Color datatype for tags

It’s starting to look like it would be immensely useful to hold some palette information in some tags. And before we jump on the template bandwagon, what we’re trying to do is not really possible using templates.

What exactly are you trying to accomplish?

I’ve seen style information stored database-side which makes central style control pretty easy. Maybe that would work for you?

[quote=“michael.stofan”]What exactly are you trying to accomplish?

I’ve seen style information stored database-side which makes central style control pretty easy. Maybe that would work for you?[/quote]
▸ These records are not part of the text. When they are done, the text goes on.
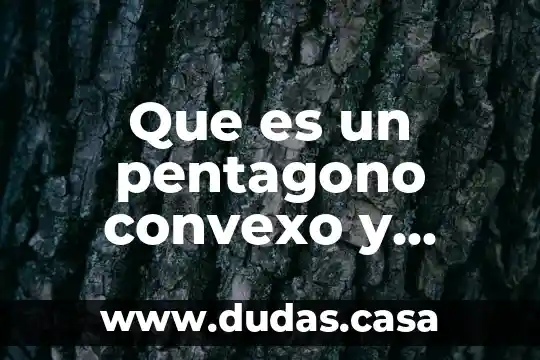 Que es un pentagono convexo y suma de angulos internos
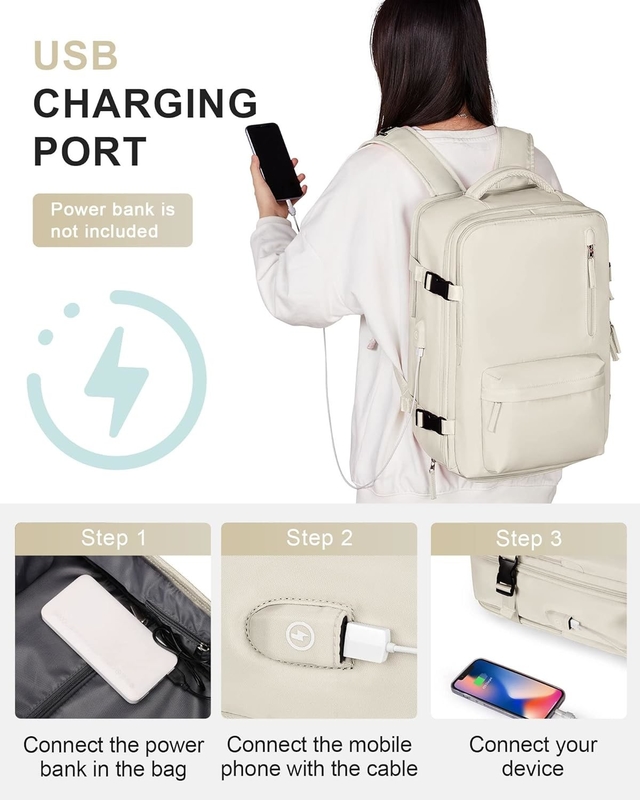 Beige Large Airline approvato Carry On impermeabile lavoro d'affari borsa da viaggio personalizzata per donne uomini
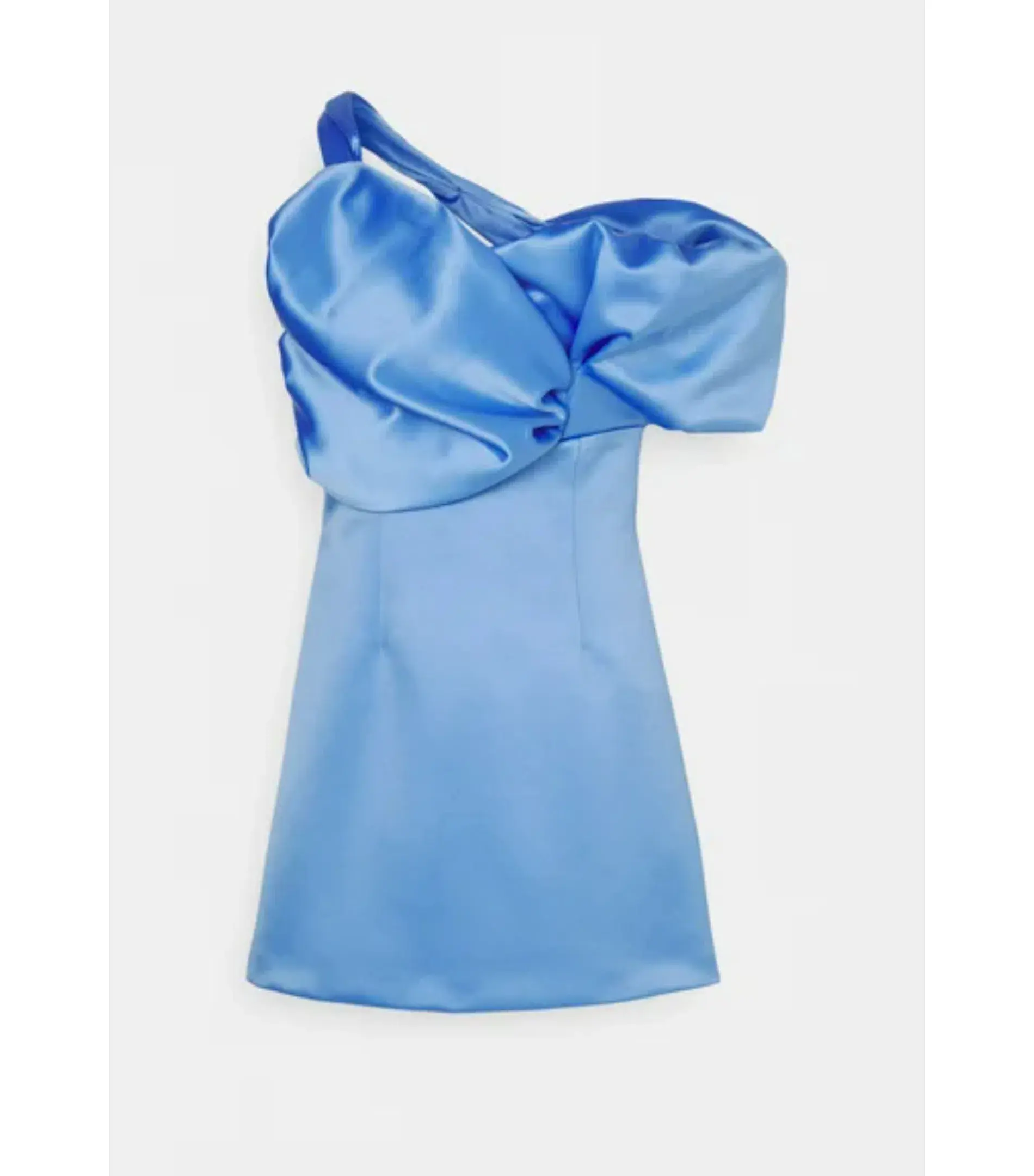 Rachel Gilbert Larna Mini Dress Blue Size AU 12 - Image 4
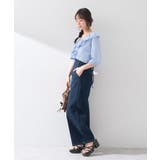 フロントZIPバックレースアップデニム | earth music&ecology  | 詳細画像7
I agree, and that’s what ended up getting implemented, but I’d still like to see a datatype for color that encapsulates an RGBA value and/or a gradient directly. It’d be nice to avoid the whole process of putting a script that does toColor(tag("path/to/the/colorstring") and instead just directly bind a color property directly to a tag.
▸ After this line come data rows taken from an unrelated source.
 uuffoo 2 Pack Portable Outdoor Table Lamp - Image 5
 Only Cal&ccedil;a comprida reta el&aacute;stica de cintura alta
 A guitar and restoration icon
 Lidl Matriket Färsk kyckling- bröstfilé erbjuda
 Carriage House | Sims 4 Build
I am running into the same restrictions in my projects as well.
If I design a component that has properties which change fill colors and after I draw everything up in this format if people want me to change those colors…I’d have to redo my project.
EDIT:
I am looking into this right now because I can see that for my components, I’m using different layers that are fill painted to a specific color and then simply toggling their visability but… If I could bind their fill paint to a tag, I could make design changes to my projects in 1/10000000000th of the time.

This seems to be taken care of with templates in version 7.4+. You can just change the colors in the templates and all of the instances of templates will reflect the change. You can add another layer of versatility, like michael.stofan has mentioned, by having the templates refer to a set of memory tags to get their color convention. So rather than having a template object hard-codded with RED for ON/OPEN and GREEN for OFF/CLOSED, use integer memory tags called “COLORS/ON_OPEN_COLOR” and “COLORS/OFF_CLOSED_COLOR” and have the template object reference those tags. That way you can use exactly the same template objects across projects with different color conventions.
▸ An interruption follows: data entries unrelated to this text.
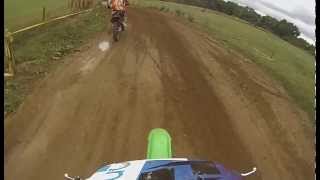 preview picture of video 'weedon motocross track kx250 8/9/2013'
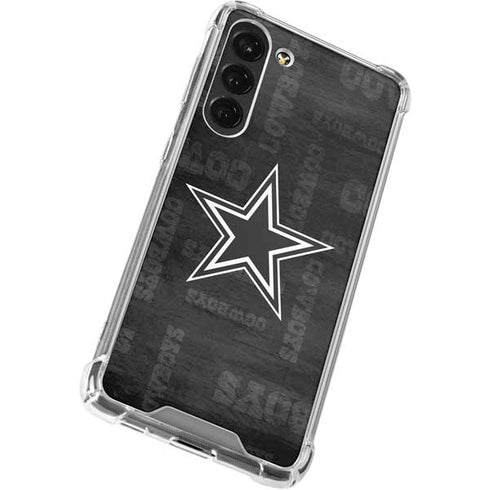 NFL Dallas Cowboys Black & White Galaxy S23 Plus Clear Case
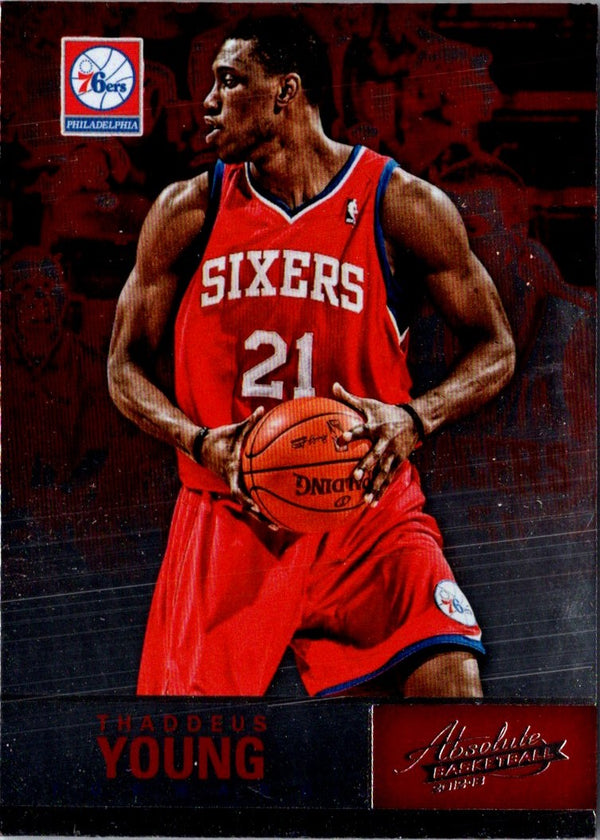 2012 Panini Absolute Thaddeus Young #94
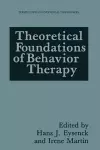 Theoretical Foundations of Behavior Therapy cover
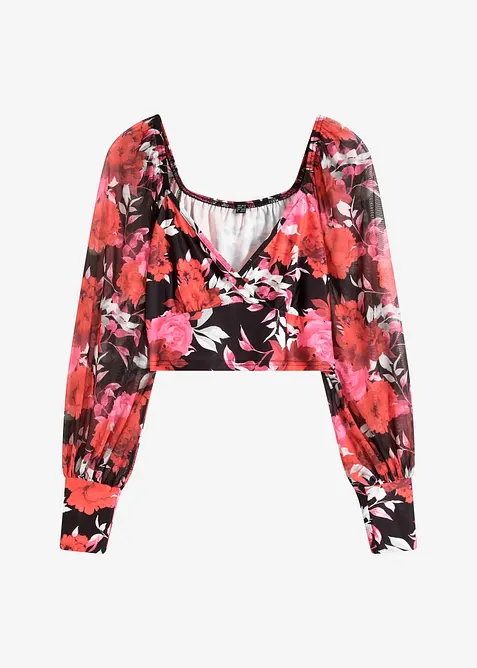 Top manches longues, cropped, bonprix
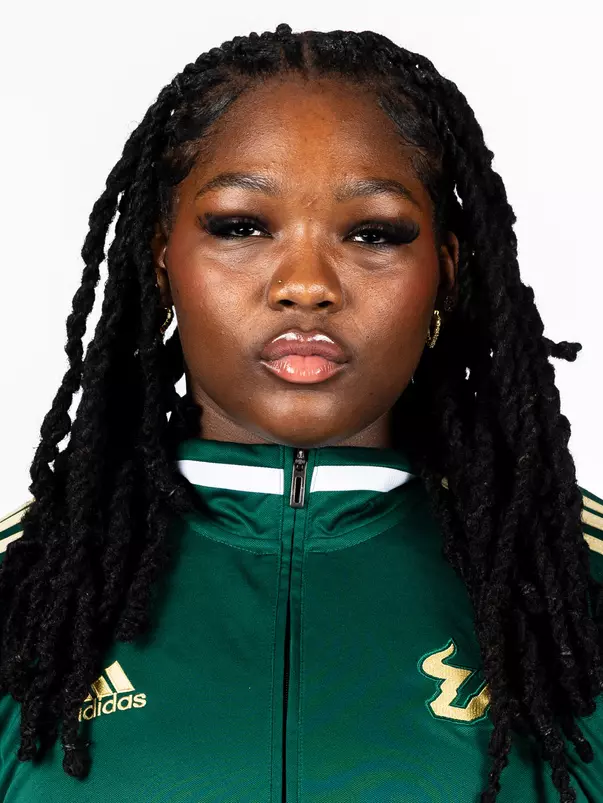 Sarai Simpson during 2025 South Florida Track & Field media day on October 10, 2025.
“I’m using different layers that are fill painted to a specific color and then simply toggling their visability …”

Just my opinion, but I find visibility to be a troublesome method to animate most graphical objects. It’s often difficult to see, literally, the animation algorithm that is used when layered visibility animation is employed. It’s fine when you really want an object to appear on a true condition and vanish on a false condition. But placing 2 labels on top of each other, where one says “Running” and the other says “Stopped”, is better done with a single label component and an expression binding.

[quote=“jay”]This seems to be taken care of with templates in version 7.4+. You can just change the colors in the templates and all of the instances of templates will reflect the change. You can add another layer of versatility, like michael.stofan has mentioned, by having the templates refer to a set of memory tags to get their color convention. So rather than having a template object hard-codded with RED for ON/OPEN and GREEN for OFF/CLOSED, use integer memory tags called “COLORS/ON_OPEN_COLOR” and “COLORS/OFF_CLOSED_COLOR” and have the template object reference those tags. That way you can use exactly the same template objects across projects with different color conventions.
[/quote]

… thereby creating a color tag that you still need to use toColor() on. Templates are not the one-size-fits-all solution many people make them out to be. Tags directly describing an RGBA value or gradient would be another extremely useful tool we could put to good use.

[quote=“Greg.Buehler”]
… thereby creating a color tag that you still need to use toColor() on. Templates are not the one-size-fits-all solution many people make them out to be. Tags directly describing an RGBA value or gradient would be another extremely useful tool we could put to good use.[/quote]

I took a second look at this and discovered that I can store a hexidecimal color representation as a string in a memory tag and bind it to a fill property to accomplish what I wanted (almost)
I still would like to see an actual color tag though since color coding seems to always be changing once management reviews a project and probably even more later on.